When the dark days of Prohibition brought American cocktailery to a screeching halt in 1920, esteemed bartenders across the nation were suddenly put out of their jobs.
This didn’t sit particularly well with one Harry MacElhone, who held great pride in his place of honor behind the Plaza Hotel bar in New York City. So rather than give up his shaker and spoon for good, Harry hopped the pond—first to a new joint called Ciro’s in London, then to its sister establishment in France.
But it was only with the establishment of his own bar, the aptly named Harry’s New York Bar, in Paris that MacElhone really hit his stride. In his tenure behind the bar there, he was responsible for creating a panoply of cocktails that have stood the test of time—including the venerable Boulevardier.
First revealed in MacElhone’s 1927 book Barflies and Cocktails, the Boulevardier was a cocktail ahead of its time. Substituting American bourbon for the Negroni’s usual gin, Harry created a stiff and robust beverage that’s as delicious today as it was in the 1920s.
To make one for yourself, you’ll need a few ingredients, a piece or two of bar equipment, and just a bit of bartending know-how. Thankfully, I can point you towards all three.
Boulevardier Ingredients
The Boulevardier requires three ingredients—bourbon, sweet vermouth, and Campari—and a fresh orange to peel a twist off of.

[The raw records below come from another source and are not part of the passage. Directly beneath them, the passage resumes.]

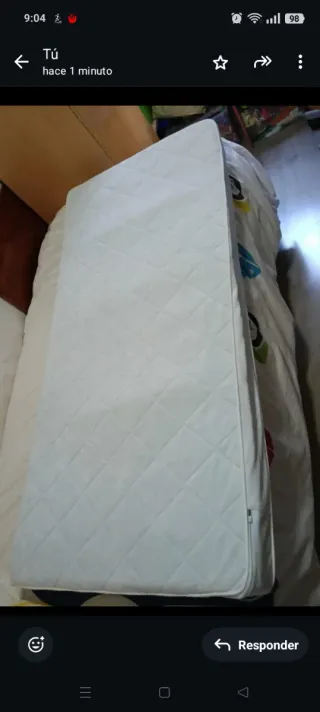 Cama blanca de madera Ikea gulliver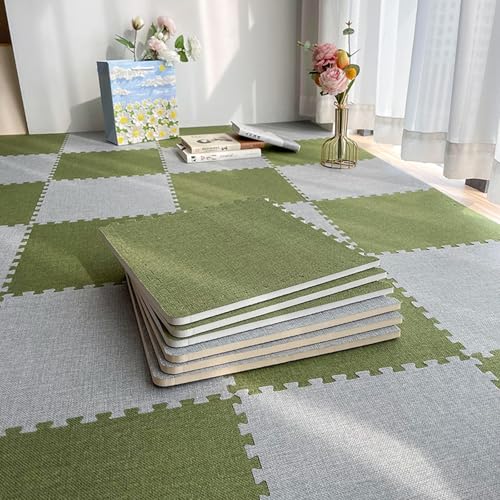 High-Density Foam Floor Pads Soundproof Interlocking Floor Tiles Non-Slip Floor Protection Mats 0.6/1cm Thickness for Home Gym Playroom Garage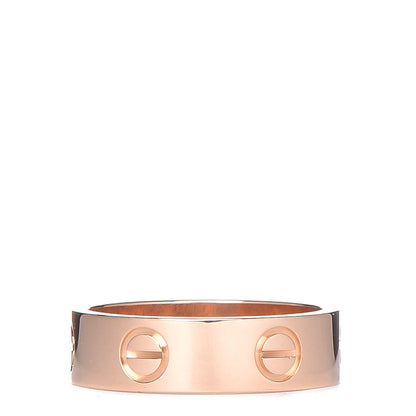 Cartier 18K Pink Gold 5.5mm LOVE Ring 54 6.75 3 of 4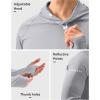 imageMens Sun Protection Hoodie Shirt UPF 50 Long Sleeve Fishing Rash Guard UV SPF Summer Lightweight Hiking Shirt for MenLight Grey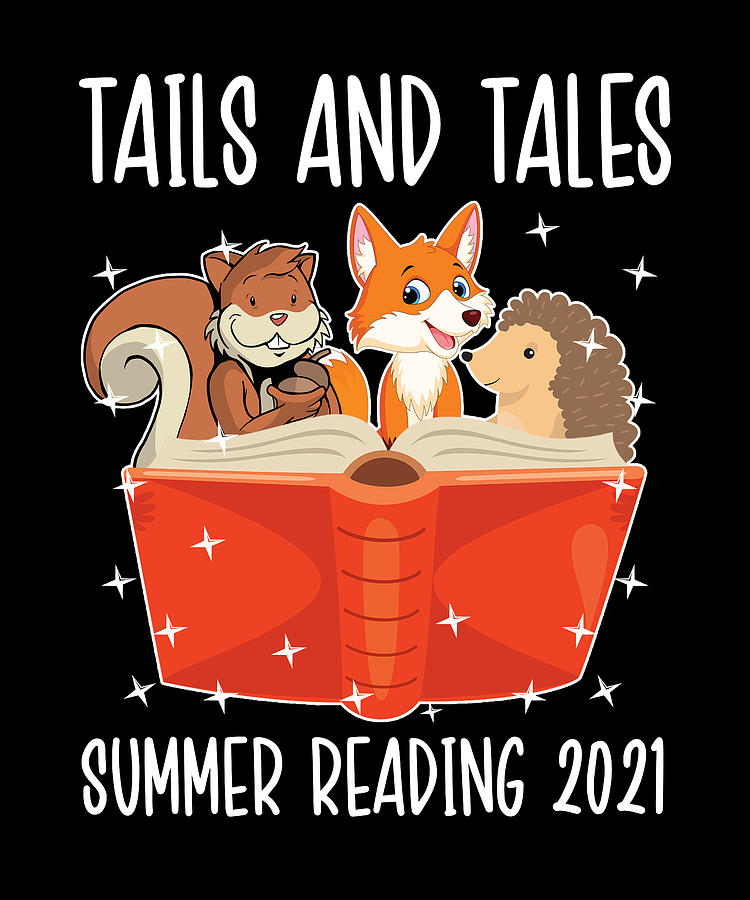 Tails And Tales Summer Reading 2021 Book Librarian Digital Art by ...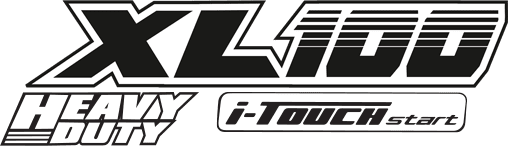 TVS XL 100 Heavy duty two wheeler moped Branding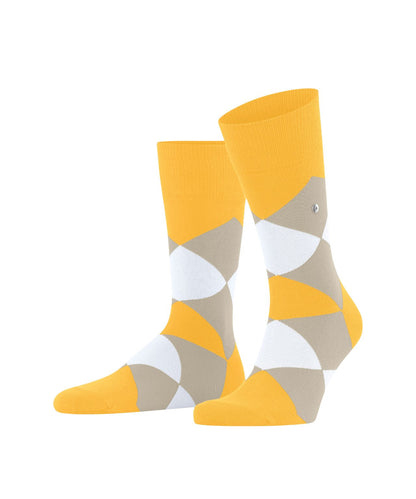Sok Clyde | Yellow/Beige check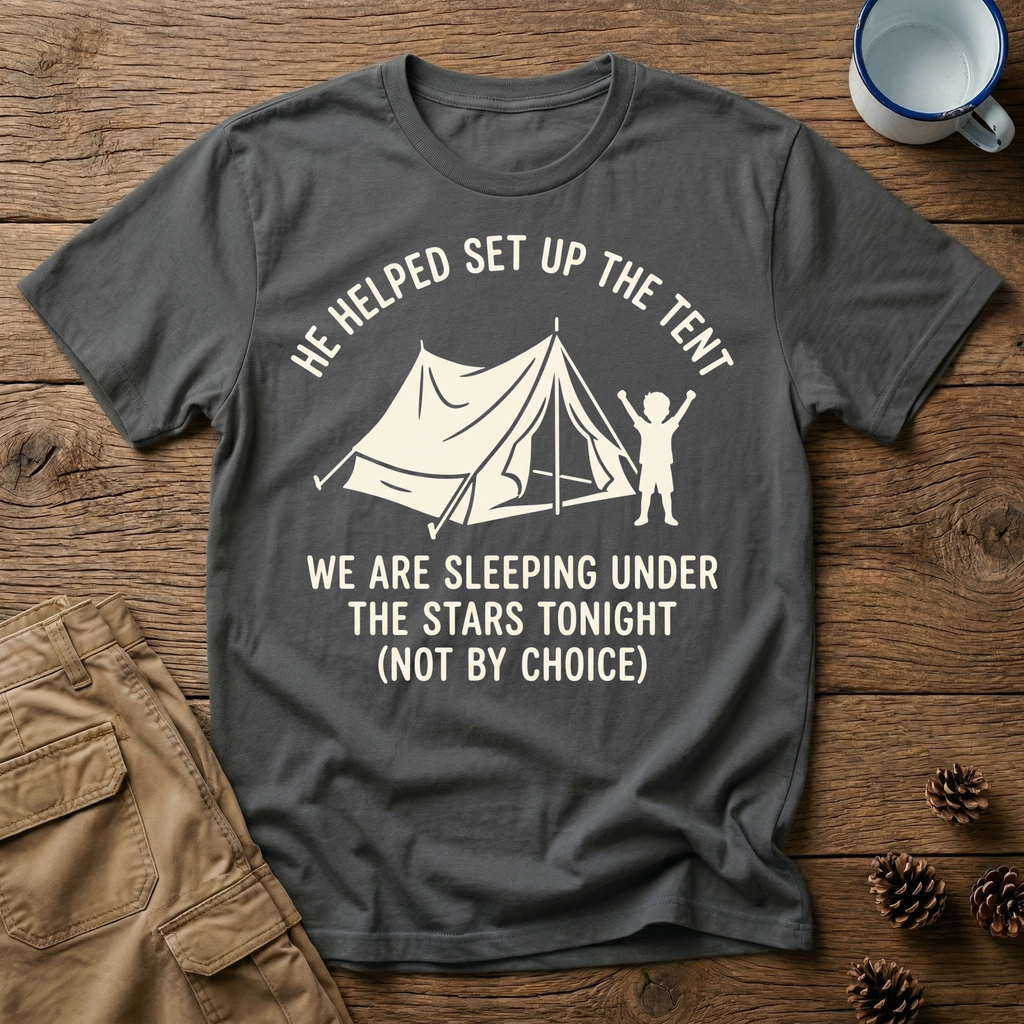 Kid Built Tent - T-Shirt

Your choice of bourbon here will determine the overall character of the drink. An affordable standby like Four Roses Yellow Label will give a smooth, mellow, malty character to a Boulevardier, while their higher-proof Single Barrel expression will carry a lot more punch. Or you can go to the very ends of the bourbon spectrum for a barrel-strength brew like Booker’s, which will knock your socks off and steal the center stage of the drink at the same time.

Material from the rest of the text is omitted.